[Start of section]

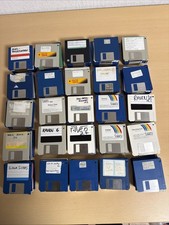 #1 - 250 Amiga Disketten - Spiele & Software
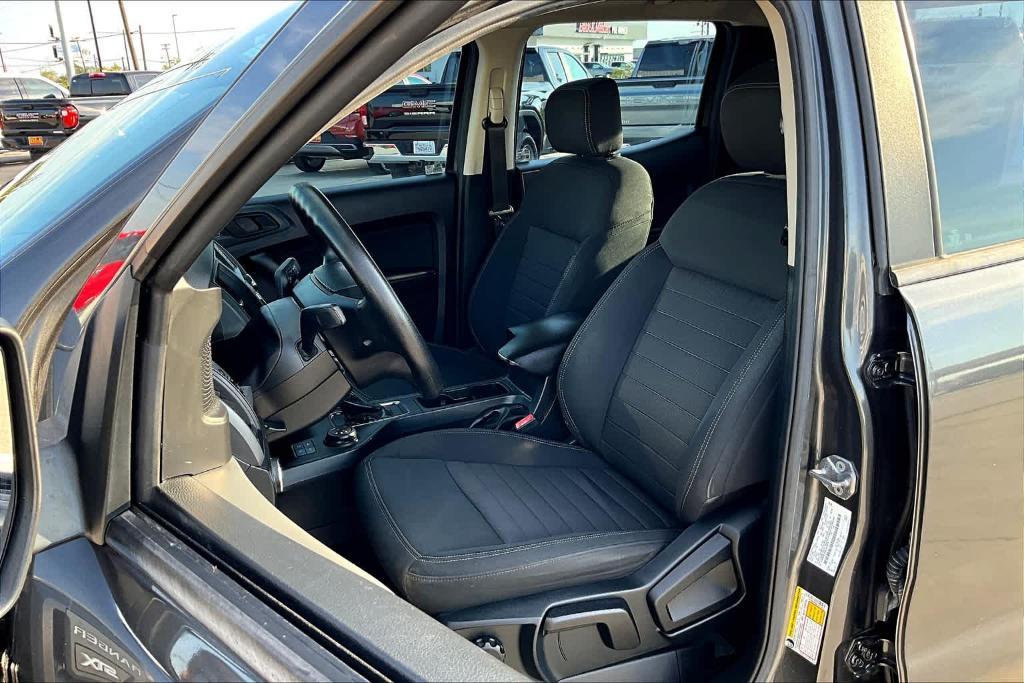 used 2019 Ford Ranger car, priced at $23,200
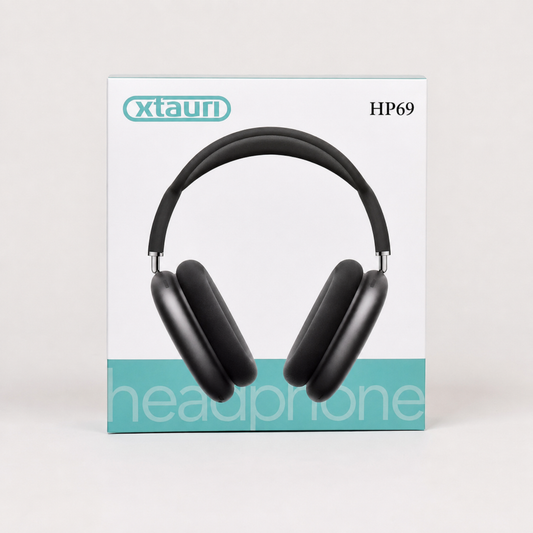 Audífonos inalámbricos Xtauri HP69 23097-31 — vista principal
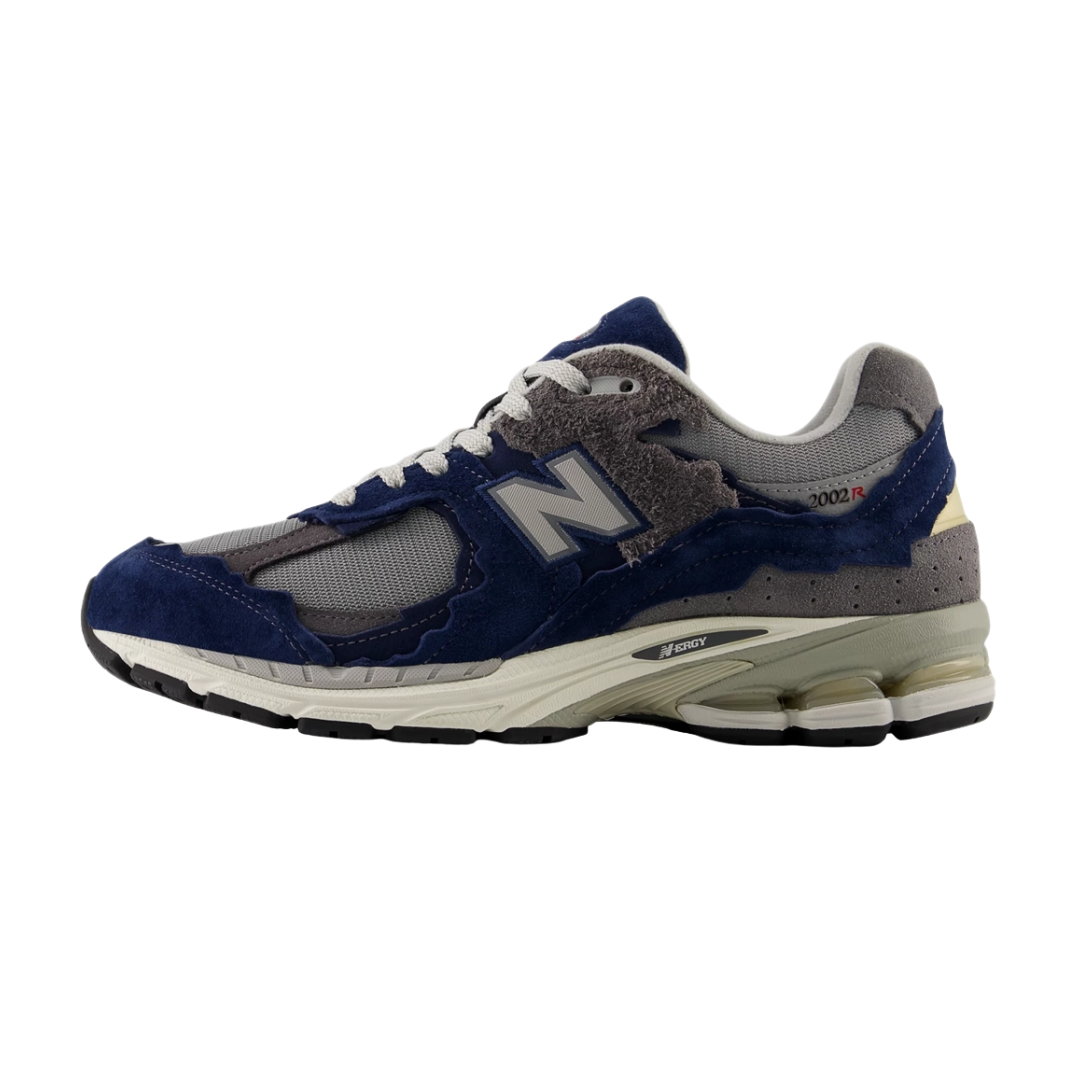 New Balance 2002R Protection Pack Navy Raincloud – One Supp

[End of section]

The line containing "used 2019 Ford Ranger car, priced at $23,200" and each line after it through the end of the listing above are to be written out exactly, without the pictures.

■ **WRITTEN ANSWER**:
 used 2019 Ford Ranger car, priced at $23,200
 Audífonos inalámbricos Xtauri HP69 23097-31 — vista principal
 New Balance 2002R Protection Pack Navy Raincloud – One Supp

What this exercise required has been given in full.